Monday 25 July 2011

Reflections by the lake

I am the Viking statue in Gimli, Manitoba, born in 1967 to commemorate the upcoming Centennial. Before that, I was a ghost or a spirit from the past and humans were barely aware of me. But here I stand, fifteen feet tall with my back to the lake. I hold my axe and the general idea is that I have just landed on the shore and am checking the place out for new opportunities. I don’t like this great thundering axe because it looks so threatening. I realise that my race acquired a reputation for plundering but I always tried to avoid it, only plundering when it was absolutely necessary. I don’t like having my back to the lake because my heritage is the sea. I would much rather have been depicted with a dolphin or two, those intelligent mammals that used to follow my boat in those happy faraway times.

            Since 1967, I have seen many changes. This town of five thousand swells to fifteen thousand in the summer months with many cottagers and visitors enjoying pleasure-boating and fishing. Icelanders came here in the late nineteenth century and took up fishing and farming. I was part of their heritage having sailed to Iceland hundreds of years before. Many Vikings were merchants or farmers in Iceland and of course, they loved to fish. Lake Winnipeg teams with fish, the Winnipeg Gold eye being a great delicacy and the pickerel is so delectable that it defies description.

Gimli has changed in the past fifty years and some think for the better but I feel a nostalgia for the old wooden cottages. Those old buildings have been replaced by modern summer homes. Gazebos abound and this probably a good idea because the mosquito season is fierce. Before screened gazebos became common, there was much cursing and swatting in the early summer. It was at times like that, that I was glad to be made of fibre glass, marble dust and resin, thus impervious to mosquitoes. Did I mention that I was designed by Gisseur Eliasson, a professor at the University of Manitoba and that I was sculpted by a gifted sculptor, George Barone? How about that for an illustrious rebirth?

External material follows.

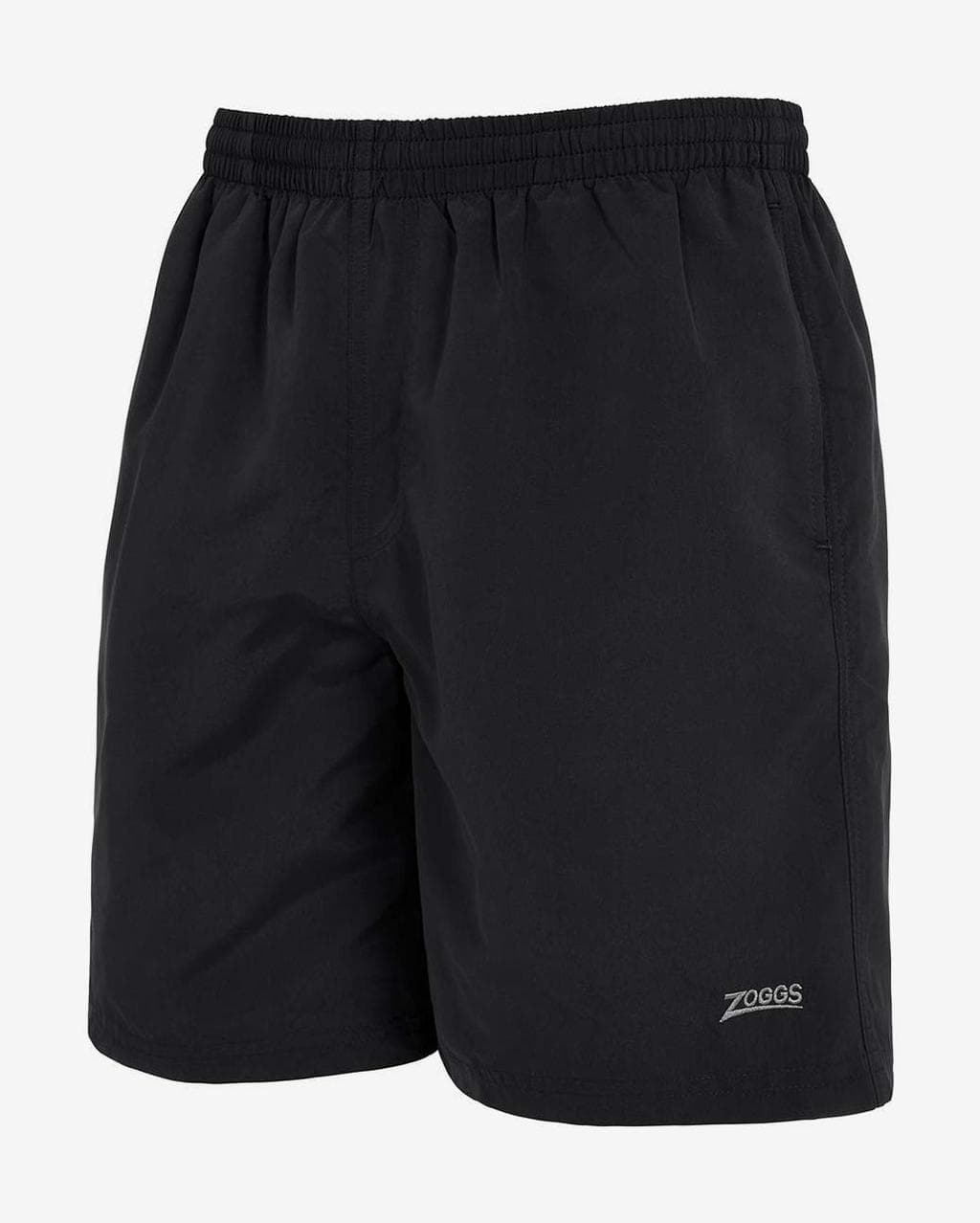 Maillot de bain Zoggs Penrith 17Inch noir - XL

To my right is the sea wall and on this moody Manitoba morning, artists are touching up their sea wall paintings that take a beating from stormy waters. Some paintings don’t quite fit the scene—they portray the wrong history. For example, there is one painting that mystifies me—elegant women in picture hats carrying parasols, flanked by little girls in beribboned dresses and little boys in sailor suits. What does this art have to do with a nineteenth-century Icelandic community that built its reputation on commercial fishing?

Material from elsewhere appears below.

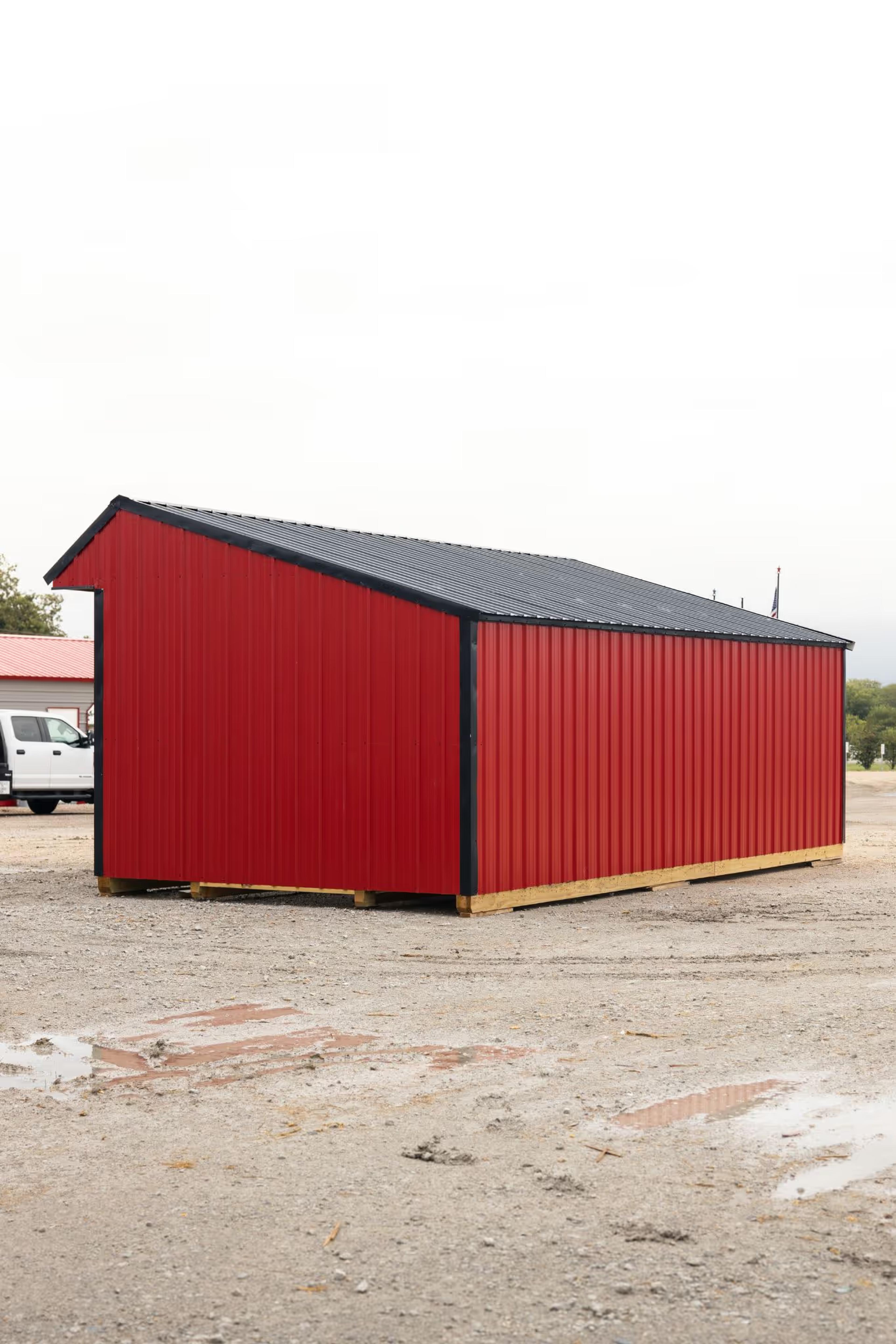 Project photo 4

Over there to my left, people sit under umbrellas on the hotel patio enjoying the pan-fried pickerel, served with crisp salad and herbed buns. People now refer to Gimli as a charming little area of Manitoba with hotels and restaurants to please the many visitors. I guess we Vikings have made it into the modern world. But in spirit, I wander backwards towards the old seafaring days and I miss my close communication with those dear darling dolphins.